▶ _Supplied material_
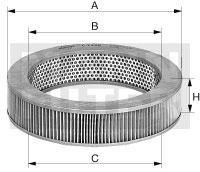 filter vzduchový mann C 30005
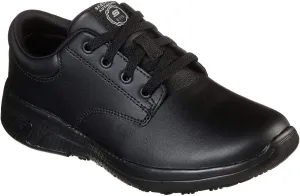Skechers Women's Work Relaxed Fit: Marsing - Navor SR Slip Resistant Sneaker, Black, 11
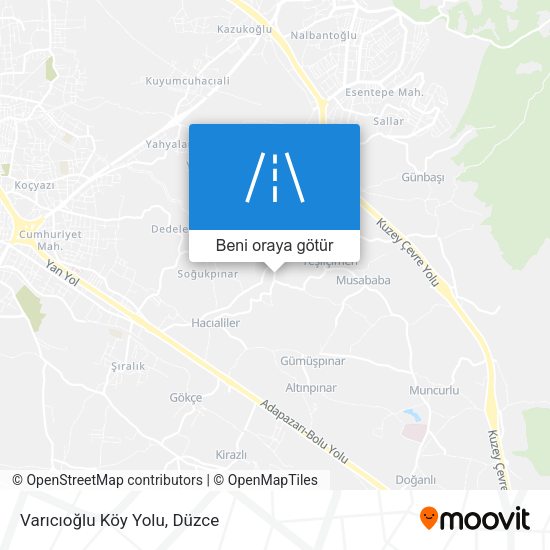 Varıcıoğlu Köy Yolu harita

▶ _Required action_
Transcribe the lines above exactly, setting aside any picture among them.

▶ _Final answer_
 filter vzduchový mann C 30005
Skechers Women's Work Relaxed Fit: Marsing - Navor SR Slip Resistant Sneaker, Black, 11
 Varıcıoğlu Köy Yolu harita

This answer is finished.